§ **Directions for this task**: Every line of the records must be repeated exactly; pictures stay out.
--- START ---
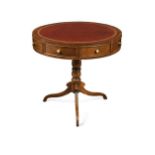 A mahogany drum table, 19th century,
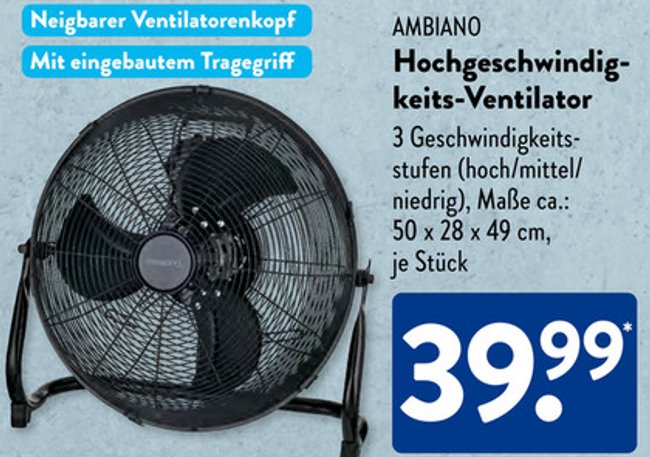 Hochgeschwindigkeitsventilator Aldi Prospekt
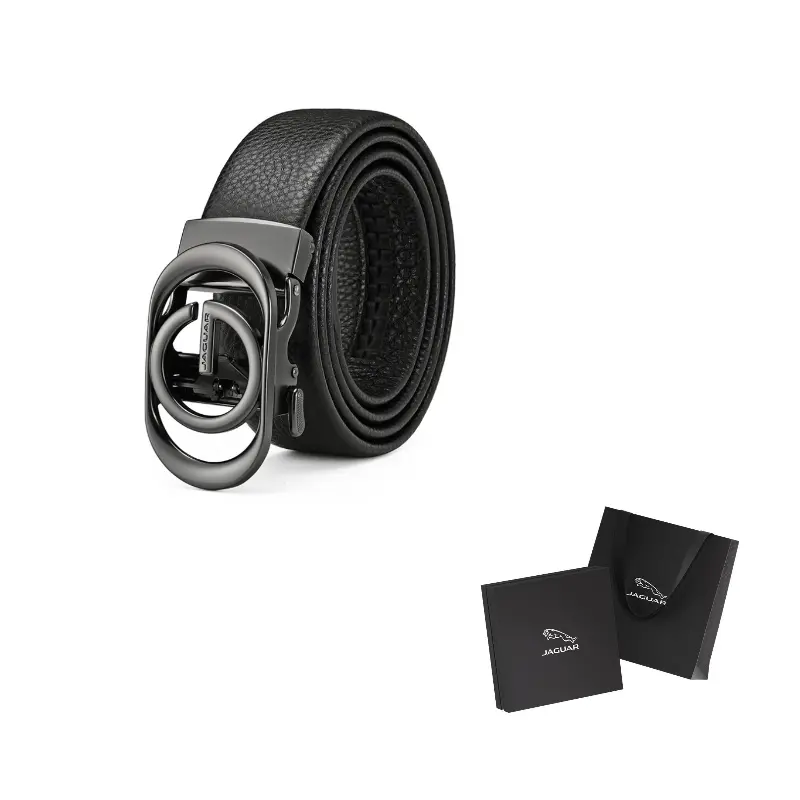 

JAGUAR Мужской кожаный ремень из коровьей кожи 3.55 см, Black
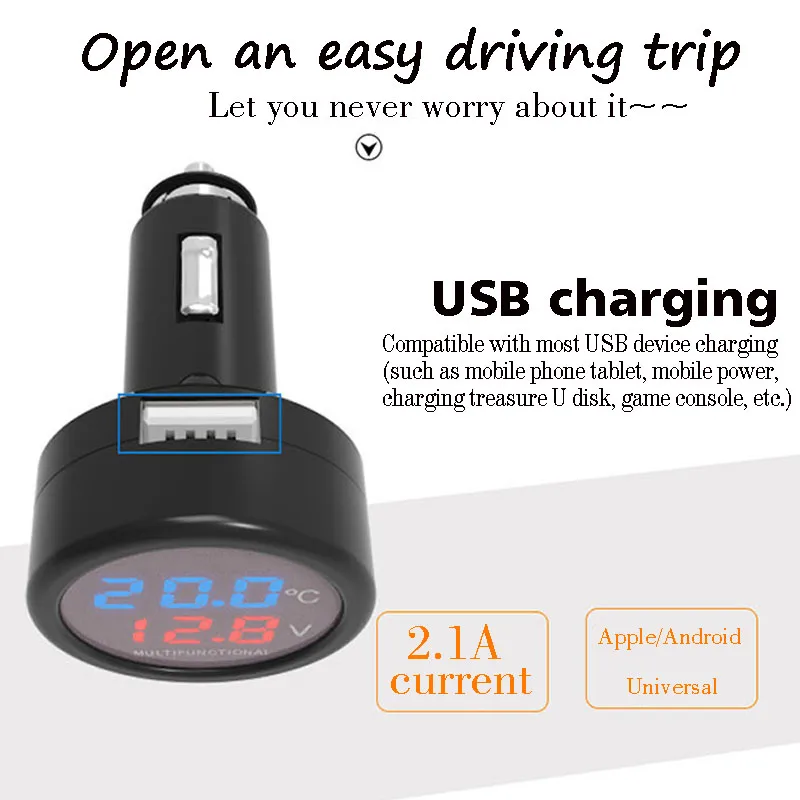 3 в 1 Автомобильное зарядное устройство автомобильный вольтметр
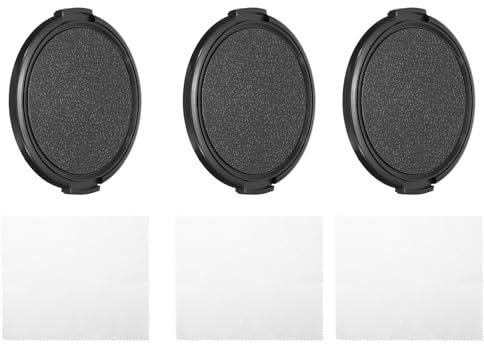 PATIKIL 67 mm linslock, 3-pack sidor nyp kameralinsskydd för främre lins med rengöringsduk, lämplig för 67 mm gänga universella DSLR-linser, svart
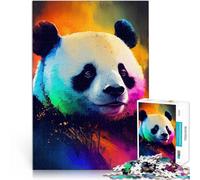 Puzzle 1000 pièces pour Adolescents Panda Animal Coloré Jeu Familial Anti-Stress Défi Difficile Jeu de défi Unique 50x70cm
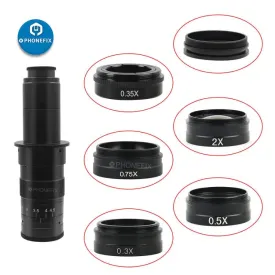 0.5X Barlow Lens Auxiliary Objective Glass for 180X 300X C-MOUNT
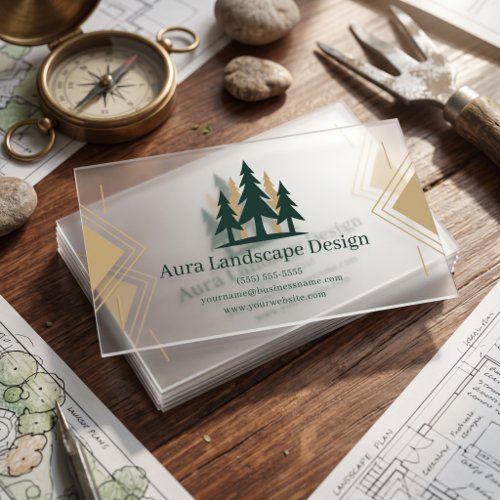 Modern Landscaping Clear Business Cards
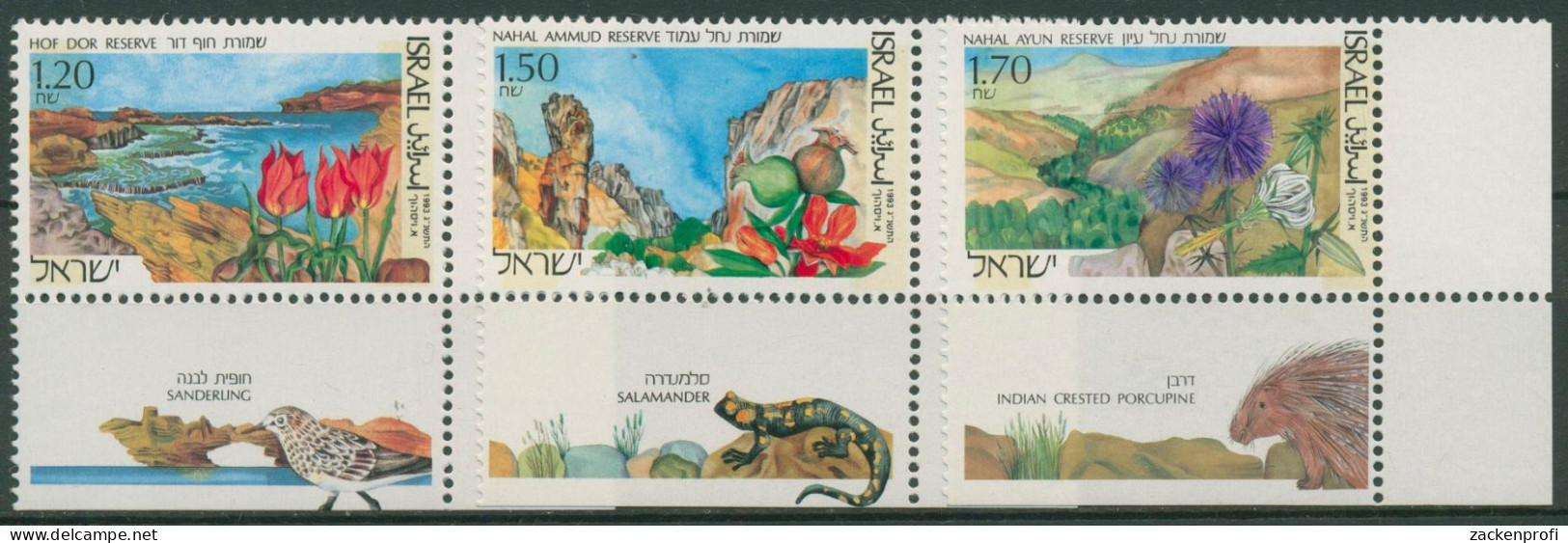 Israel 1993 Naturreservate Küste Gebirge 1252/54 Ecke Mit Tab Postfrisch - Ungebraucht (mit Tabs)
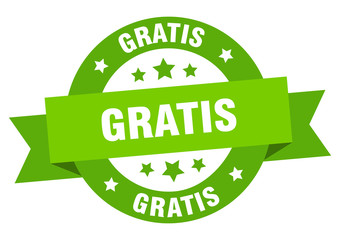 gratis ribbon. gratis round green sign. gratis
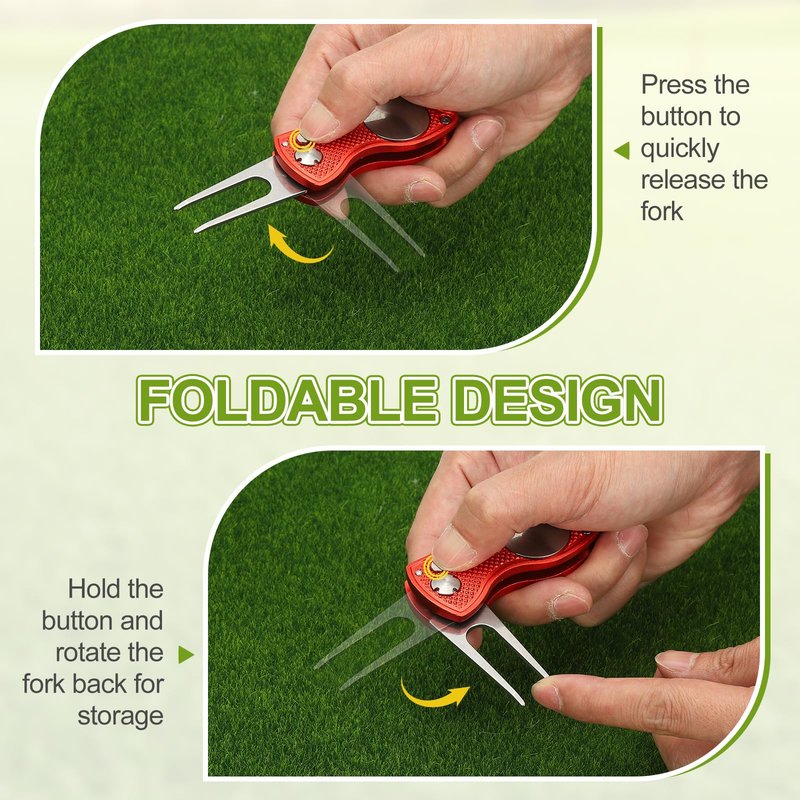 PATIKIL Golf Divot Repair Tool, 4 Pack Foldable Metal Golf Green Divot Tool with Magnetic Ball Marker & Stainless Steel Fork for Golfer, Grey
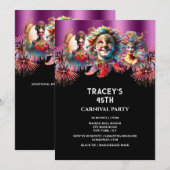 Carnaval nacht circus vuurwerk masquerade paarse kaart (Voorkant / Achterkant)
--- END ---
§ **Answer section**:
 A mahogany drum table, 19th century,
 Hochgeschwindigkeitsventilator Aldi Prospekt

JAGUAR Мужской кожаный ремень из коровьей кожи 3.55 см, Black
 3 в 1 Автомобильное зарядное устройство автомобильный вольтметр
 PATIKIL 67 mm linslock, 3-pack sidor nyp kameralinsskydd för främre lins med rengöringsduk, lämplig för 67 mm gänga universella DSLR-linser, svart
 Puzzle 1000 pièces pour Adolescents Panda Animal Coloré Jeu Familial Anti-Stress Défi Difficile Jeu de défi Unique 50x70cm
 0.5X Barlow Lens Auxiliary Objective Glass for 180X 300X C-MOUNT
 Modern Landscaping Clear Business Cards
 Israel 1993 Naturreservate Küste Gebirge 1252/54 Ecke Mit Tab Postfrisch - Ungebraucht (mit Tabs)
 gratis ribbon. gratis round green sign. gratis
 PATIKIL Golf Divot Repair Tool, 4 Pack Foldable Metal Golf Green Divot Tool with Magnetic Ball Marker & Stainless Steel Fork for Golfer, Grey
 Carnaval nacht circus vuurwerk masquerade paarse kaart (Voorkant / Achterkant)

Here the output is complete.